Moreno ha scelto la scena teatrale per facilitare l’esternazione del materiale interiorizzato, come ha scelto il gruppo per raccoglierlo ed elaborarlo.
Siamo agli antipodi rispetto a Freud, ma proprio per questo il setting gruppale va scelto anche in base alla variabile “introversione acquisita”, come ha suggerito Rapaggi, perché la teatralità non diventi dannosa e la spinta narcisistica non prevalga a danno dello scopo terapeutico.
Il teatro di psicodramma si presenta come un ambito ben definito, capace, secondo Moreno, di creare uno stacco dall’usuale ambiente di vita, pur rappresentandolo. Lo stacco è tra dentro e fuori, ma anche tra essere sul palco ed essere tra il pubblico.
“All’interno del procedimento psicodrammatico…il protagonista non si limita a sdraiarsi o a sedersi. Si muove, agisce, parla, proprio come fa nella vita. Alle volte non è impegnato a fare nulla,…solo ad essere. Lo scenario in cui si svolge la sua esistenza può essere a volte strutturato rigidamente, come la realtà sociale che lo circonda, oppure può essere irreale come un sogno o può prendere l’aspetto allucinatorio del mondo di un folle…”
“A volte può essere lo spazio della logica della realtà, altre volte quello della logica interna della fantasia, o infine un posto per le esperienze che vengono dalla non logica e dalla non esistenza…Il palcoscenico psicodrammatico… può anche avere strutture che nella realtà non esistono. È l’habitat naturale della spontaneità”. (Moreno “Manuale di Psicodramma” a cura di O. Rosati, Astrolabio )
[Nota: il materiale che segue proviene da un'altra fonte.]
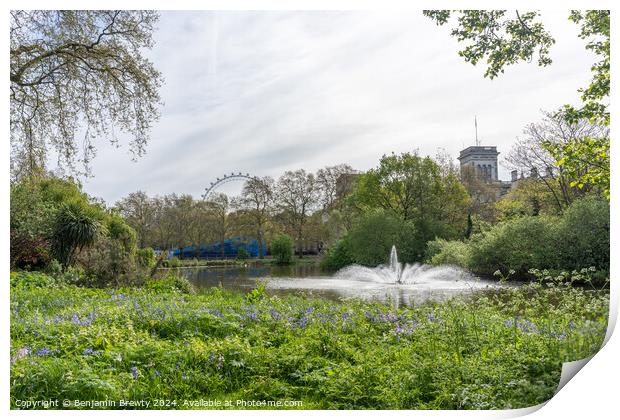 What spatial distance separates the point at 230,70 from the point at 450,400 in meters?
3.21

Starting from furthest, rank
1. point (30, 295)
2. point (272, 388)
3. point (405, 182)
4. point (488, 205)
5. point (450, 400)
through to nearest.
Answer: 1. point (405, 182)
2. point (30, 295)
3. point (488, 205)
4. point (272, 388)
5. point (450, 400)

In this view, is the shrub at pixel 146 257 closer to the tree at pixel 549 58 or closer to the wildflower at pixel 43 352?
the wildflower at pixel 43 352

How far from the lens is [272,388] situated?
3.53m

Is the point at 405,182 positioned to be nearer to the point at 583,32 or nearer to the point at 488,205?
the point at 488,205

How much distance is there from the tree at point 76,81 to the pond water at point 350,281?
175 cm

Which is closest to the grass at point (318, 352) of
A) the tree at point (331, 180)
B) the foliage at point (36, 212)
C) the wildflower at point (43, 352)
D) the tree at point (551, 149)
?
the wildflower at point (43, 352)

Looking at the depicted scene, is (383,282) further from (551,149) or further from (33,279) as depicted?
(33,279)

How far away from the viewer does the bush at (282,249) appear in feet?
17.9

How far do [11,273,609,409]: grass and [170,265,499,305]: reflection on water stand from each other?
0.57 meters

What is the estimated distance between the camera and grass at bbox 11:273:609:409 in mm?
3371

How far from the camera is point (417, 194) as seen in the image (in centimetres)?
612

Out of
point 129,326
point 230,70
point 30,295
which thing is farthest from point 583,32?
point 30,295

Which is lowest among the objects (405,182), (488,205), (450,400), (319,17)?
(450,400)

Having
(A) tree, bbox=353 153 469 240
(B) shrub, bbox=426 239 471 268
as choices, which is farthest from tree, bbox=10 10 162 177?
(B) shrub, bbox=426 239 471 268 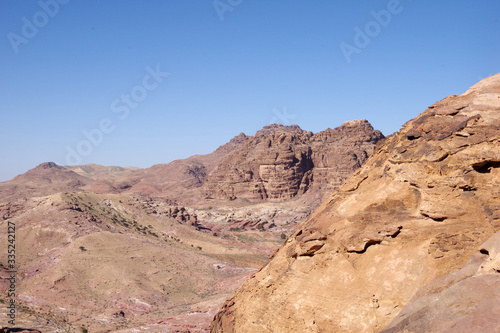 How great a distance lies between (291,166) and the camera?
90875mm

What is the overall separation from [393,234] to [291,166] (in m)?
82.8

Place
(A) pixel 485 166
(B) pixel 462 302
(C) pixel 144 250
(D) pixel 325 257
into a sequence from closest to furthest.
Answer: (B) pixel 462 302, (A) pixel 485 166, (D) pixel 325 257, (C) pixel 144 250

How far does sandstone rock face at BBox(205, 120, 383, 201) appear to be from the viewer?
291 ft

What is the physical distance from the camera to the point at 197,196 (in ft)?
355

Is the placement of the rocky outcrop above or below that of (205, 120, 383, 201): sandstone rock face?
below

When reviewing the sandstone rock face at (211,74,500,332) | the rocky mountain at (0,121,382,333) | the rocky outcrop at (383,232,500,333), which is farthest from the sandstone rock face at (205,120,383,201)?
the rocky outcrop at (383,232,500,333)

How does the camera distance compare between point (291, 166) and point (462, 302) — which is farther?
point (291, 166)

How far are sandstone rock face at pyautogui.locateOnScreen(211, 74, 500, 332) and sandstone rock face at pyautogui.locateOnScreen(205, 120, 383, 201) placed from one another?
7701 cm

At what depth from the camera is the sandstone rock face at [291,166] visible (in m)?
88.8

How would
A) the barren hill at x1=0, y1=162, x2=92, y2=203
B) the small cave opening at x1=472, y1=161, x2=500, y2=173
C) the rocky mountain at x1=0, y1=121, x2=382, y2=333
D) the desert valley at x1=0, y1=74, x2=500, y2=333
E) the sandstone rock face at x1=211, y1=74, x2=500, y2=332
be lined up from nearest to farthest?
the desert valley at x1=0, y1=74, x2=500, y2=333, the sandstone rock face at x1=211, y1=74, x2=500, y2=332, the small cave opening at x1=472, y1=161, x2=500, y2=173, the rocky mountain at x1=0, y1=121, x2=382, y2=333, the barren hill at x1=0, y1=162, x2=92, y2=203

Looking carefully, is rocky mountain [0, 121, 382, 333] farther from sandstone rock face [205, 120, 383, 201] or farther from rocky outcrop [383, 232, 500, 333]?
rocky outcrop [383, 232, 500, 333]

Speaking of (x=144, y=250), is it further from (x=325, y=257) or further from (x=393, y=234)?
(x=393, y=234)

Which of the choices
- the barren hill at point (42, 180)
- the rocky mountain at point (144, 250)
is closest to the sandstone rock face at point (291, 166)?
the rocky mountain at point (144, 250)

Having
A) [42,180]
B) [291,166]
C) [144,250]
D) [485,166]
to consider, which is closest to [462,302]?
[485,166] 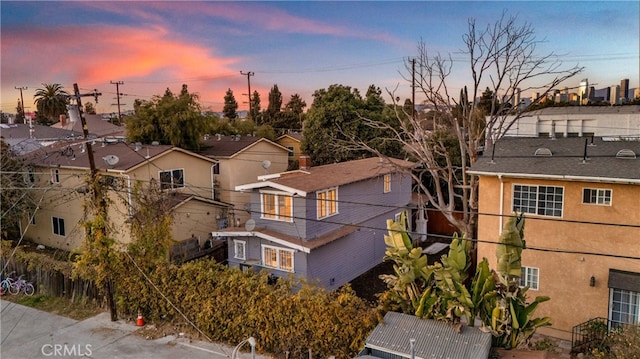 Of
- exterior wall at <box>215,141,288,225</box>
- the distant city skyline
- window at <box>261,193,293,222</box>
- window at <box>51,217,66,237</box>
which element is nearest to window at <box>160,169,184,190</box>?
exterior wall at <box>215,141,288,225</box>

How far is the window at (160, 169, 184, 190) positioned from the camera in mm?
23506

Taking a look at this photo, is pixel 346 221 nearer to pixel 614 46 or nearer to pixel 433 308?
pixel 433 308

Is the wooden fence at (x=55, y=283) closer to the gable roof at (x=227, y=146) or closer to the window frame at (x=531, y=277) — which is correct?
the gable roof at (x=227, y=146)

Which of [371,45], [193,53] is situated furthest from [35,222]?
[371,45]

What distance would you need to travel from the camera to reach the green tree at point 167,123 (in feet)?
98.2

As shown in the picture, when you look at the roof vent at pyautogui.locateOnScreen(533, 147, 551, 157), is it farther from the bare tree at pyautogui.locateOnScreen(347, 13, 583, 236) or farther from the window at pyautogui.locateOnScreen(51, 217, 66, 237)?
the window at pyautogui.locateOnScreen(51, 217, 66, 237)

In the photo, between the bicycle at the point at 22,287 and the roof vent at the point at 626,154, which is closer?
the roof vent at the point at 626,154

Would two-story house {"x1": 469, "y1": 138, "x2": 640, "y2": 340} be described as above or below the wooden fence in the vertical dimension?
above

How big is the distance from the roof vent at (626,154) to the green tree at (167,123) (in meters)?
24.4

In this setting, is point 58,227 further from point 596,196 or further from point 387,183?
point 596,196

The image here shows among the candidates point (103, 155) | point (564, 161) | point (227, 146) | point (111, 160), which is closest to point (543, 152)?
point (564, 161)

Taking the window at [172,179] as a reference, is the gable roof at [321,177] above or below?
above

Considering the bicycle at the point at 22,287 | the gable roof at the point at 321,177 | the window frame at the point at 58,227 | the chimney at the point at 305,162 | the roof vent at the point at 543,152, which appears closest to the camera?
the roof vent at the point at 543,152

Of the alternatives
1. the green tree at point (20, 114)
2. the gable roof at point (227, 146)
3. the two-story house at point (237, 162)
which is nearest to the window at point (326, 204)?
the two-story house at point (237, 162) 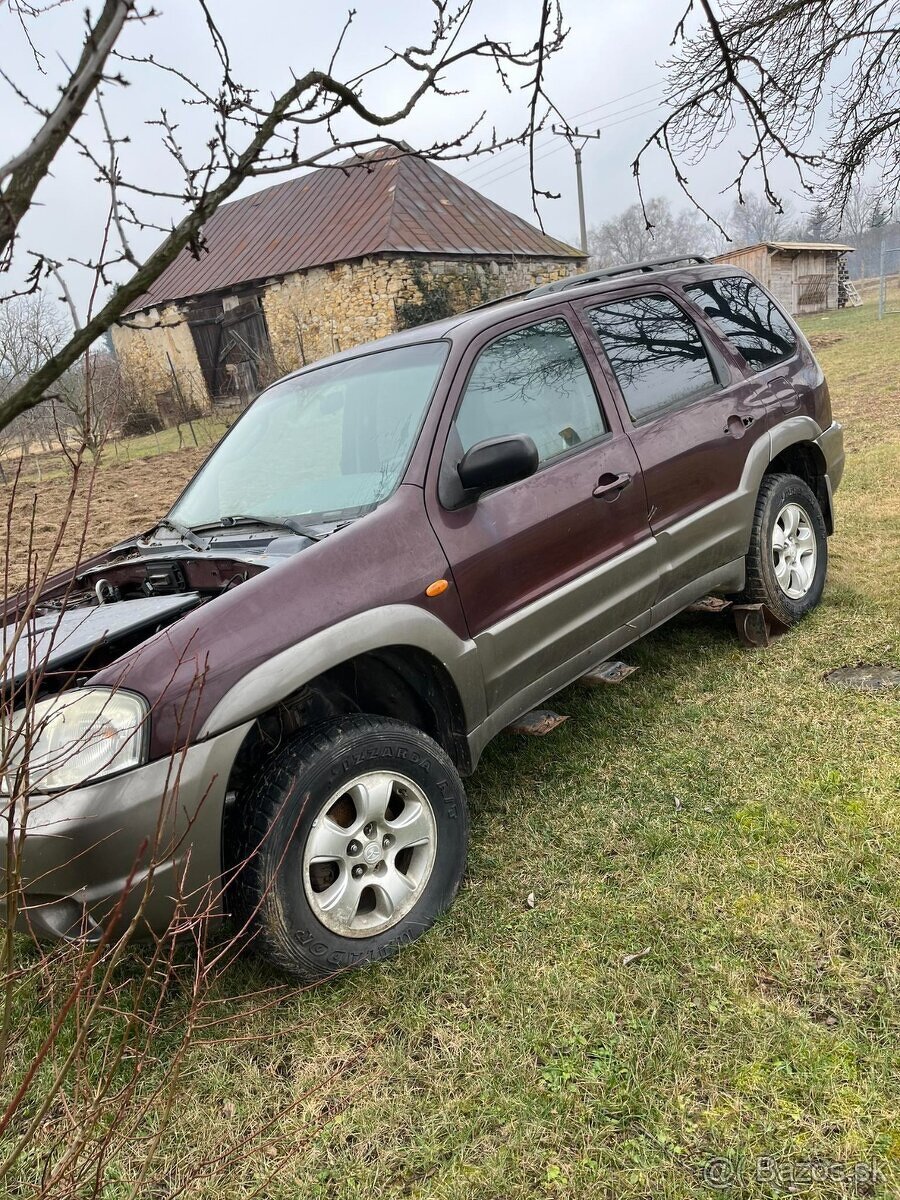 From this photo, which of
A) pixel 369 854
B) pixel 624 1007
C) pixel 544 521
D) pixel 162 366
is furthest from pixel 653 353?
pixel 162 366

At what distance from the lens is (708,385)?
395 cm

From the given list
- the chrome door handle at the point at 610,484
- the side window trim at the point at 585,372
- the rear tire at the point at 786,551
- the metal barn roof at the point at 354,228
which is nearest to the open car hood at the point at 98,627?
the side window trim at the point at 585,372

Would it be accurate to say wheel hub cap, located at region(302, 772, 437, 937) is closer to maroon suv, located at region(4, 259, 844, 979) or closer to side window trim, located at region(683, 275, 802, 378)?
maroon suv, located at region(4, 259, 844, 979)

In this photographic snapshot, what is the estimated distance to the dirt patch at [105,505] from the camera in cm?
891

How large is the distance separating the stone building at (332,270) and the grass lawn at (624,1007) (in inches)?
691

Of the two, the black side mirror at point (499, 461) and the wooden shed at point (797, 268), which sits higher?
the wooden shed at point (797, 268)

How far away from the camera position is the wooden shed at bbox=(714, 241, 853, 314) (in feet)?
104

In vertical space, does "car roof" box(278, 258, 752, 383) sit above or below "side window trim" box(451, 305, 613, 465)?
Answer: above

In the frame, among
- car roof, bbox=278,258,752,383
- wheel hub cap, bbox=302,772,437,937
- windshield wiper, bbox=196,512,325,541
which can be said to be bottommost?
wheel hub cap, bbox=302,772,437,937

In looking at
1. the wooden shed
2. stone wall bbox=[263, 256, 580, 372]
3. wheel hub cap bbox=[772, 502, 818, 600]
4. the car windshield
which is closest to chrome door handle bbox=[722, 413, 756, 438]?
wheel hub cap bbox=[772, 502, 818, 600]

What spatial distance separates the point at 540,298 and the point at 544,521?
3.44 feet

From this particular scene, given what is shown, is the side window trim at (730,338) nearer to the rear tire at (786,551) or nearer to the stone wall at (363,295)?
the rear tire at (786,551)

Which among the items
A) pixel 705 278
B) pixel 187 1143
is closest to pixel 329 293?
pixel 705 278

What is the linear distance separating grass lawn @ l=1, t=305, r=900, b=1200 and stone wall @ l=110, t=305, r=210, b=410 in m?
23.3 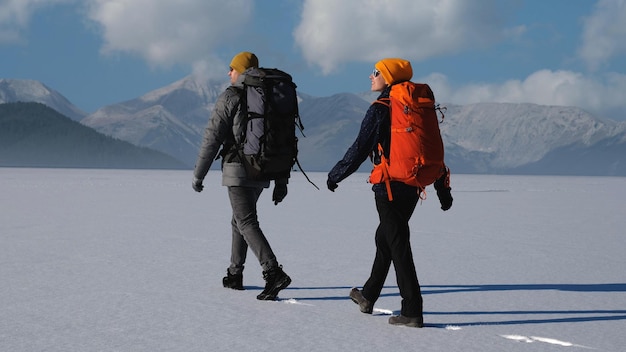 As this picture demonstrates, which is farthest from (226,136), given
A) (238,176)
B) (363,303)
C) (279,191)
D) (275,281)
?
(363,303)

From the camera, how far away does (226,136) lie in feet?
19.8

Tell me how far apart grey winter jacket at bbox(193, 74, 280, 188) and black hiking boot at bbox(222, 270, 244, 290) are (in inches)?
38.8

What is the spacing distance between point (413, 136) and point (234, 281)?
246 cm

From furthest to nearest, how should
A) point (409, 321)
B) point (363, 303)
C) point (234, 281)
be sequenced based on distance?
point (234, 281), point (363, 303), point (409, 321)

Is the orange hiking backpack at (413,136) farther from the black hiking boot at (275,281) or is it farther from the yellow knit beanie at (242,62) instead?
the yellow knit beanie at (242,62)

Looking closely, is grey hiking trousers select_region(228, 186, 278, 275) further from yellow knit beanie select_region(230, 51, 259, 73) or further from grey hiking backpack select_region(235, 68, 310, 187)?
yellow knit beanie select_region(230, 51, 259, 73)

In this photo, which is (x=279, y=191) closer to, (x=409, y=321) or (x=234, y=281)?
(x=234, y=281)

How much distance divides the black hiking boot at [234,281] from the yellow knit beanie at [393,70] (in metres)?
2.43

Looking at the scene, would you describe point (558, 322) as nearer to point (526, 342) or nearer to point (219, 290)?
point (526, 342)

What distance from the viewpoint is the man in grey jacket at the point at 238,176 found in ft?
19.5

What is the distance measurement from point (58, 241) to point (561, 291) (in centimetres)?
679

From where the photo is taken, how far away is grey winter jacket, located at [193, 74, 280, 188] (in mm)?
5914

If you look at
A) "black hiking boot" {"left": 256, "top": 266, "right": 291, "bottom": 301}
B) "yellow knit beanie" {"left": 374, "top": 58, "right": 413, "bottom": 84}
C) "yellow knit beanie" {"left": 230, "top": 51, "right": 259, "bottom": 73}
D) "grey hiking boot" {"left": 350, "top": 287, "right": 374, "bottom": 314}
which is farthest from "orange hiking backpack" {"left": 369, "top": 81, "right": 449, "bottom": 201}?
"yellow knit beanie" {"left": 230, "top": 51, "right": 259, "bottom": 73}

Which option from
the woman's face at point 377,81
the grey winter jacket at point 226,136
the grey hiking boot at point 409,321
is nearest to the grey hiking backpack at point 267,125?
the grey winter jacket at point 226,136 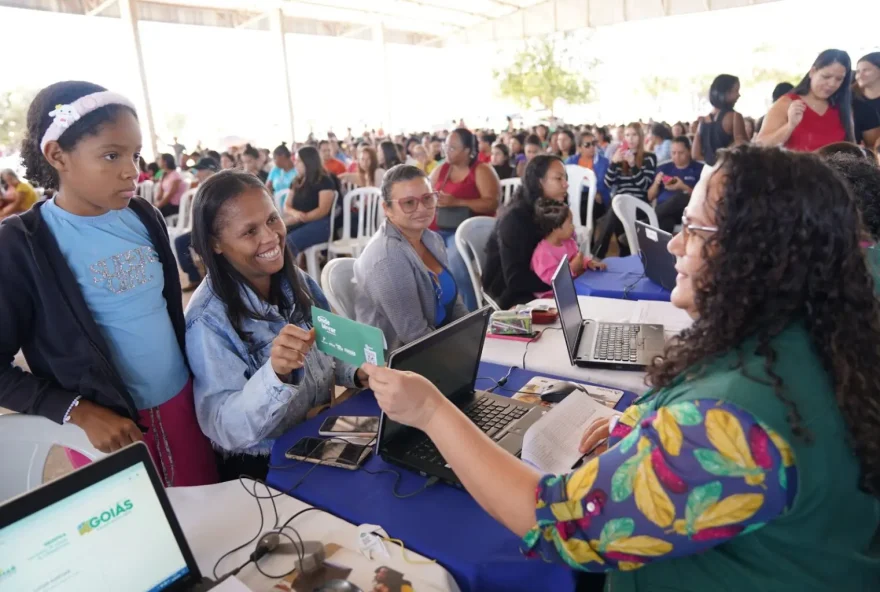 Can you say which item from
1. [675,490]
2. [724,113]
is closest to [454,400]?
[675,490]

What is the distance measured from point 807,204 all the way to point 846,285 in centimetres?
14

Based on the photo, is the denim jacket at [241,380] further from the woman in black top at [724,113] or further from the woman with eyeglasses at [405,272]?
the woman in black top at [724,113]

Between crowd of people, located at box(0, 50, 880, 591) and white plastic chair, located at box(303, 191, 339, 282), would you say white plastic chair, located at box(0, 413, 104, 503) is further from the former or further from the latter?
white plastic chair, located at box(303, 191, 339, 282)

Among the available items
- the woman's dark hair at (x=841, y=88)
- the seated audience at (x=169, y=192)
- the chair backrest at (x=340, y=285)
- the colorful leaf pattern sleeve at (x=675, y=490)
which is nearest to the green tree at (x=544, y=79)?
the seated audience at (x=169, y=192)

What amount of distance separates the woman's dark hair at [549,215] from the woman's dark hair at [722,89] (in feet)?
7.35

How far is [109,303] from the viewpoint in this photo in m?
1.53

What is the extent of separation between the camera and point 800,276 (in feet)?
2.64

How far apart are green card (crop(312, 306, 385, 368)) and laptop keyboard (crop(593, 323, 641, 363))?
41.9 inches

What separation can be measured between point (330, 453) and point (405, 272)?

Il setting è la scena, il palcoscenico, più l’arredamento e gli altri oggetti, più le luci e la musica, più “gli agenti psicoterapeutici” (Moreno, ibid.) ovvero lo psicoterapeuta (director), gli Io-ausiliari e il pubblico, più l’azione, cioè l’incontro del director e del protagonista nel gioco all’interno del gruppo.
Il setting è uno spazio che si moltiplica e si apre allo psicodramma. E’ l’insieme di oggetti, ma è anche l’ambiente dell’incontro, quello che cambia, rappresenta, raccoglie, facilita, risponde e ristruttura. E’ un ambiente complesso, ricco, movimentato, dove interagiscono realtà, irrealtà e semirealtà.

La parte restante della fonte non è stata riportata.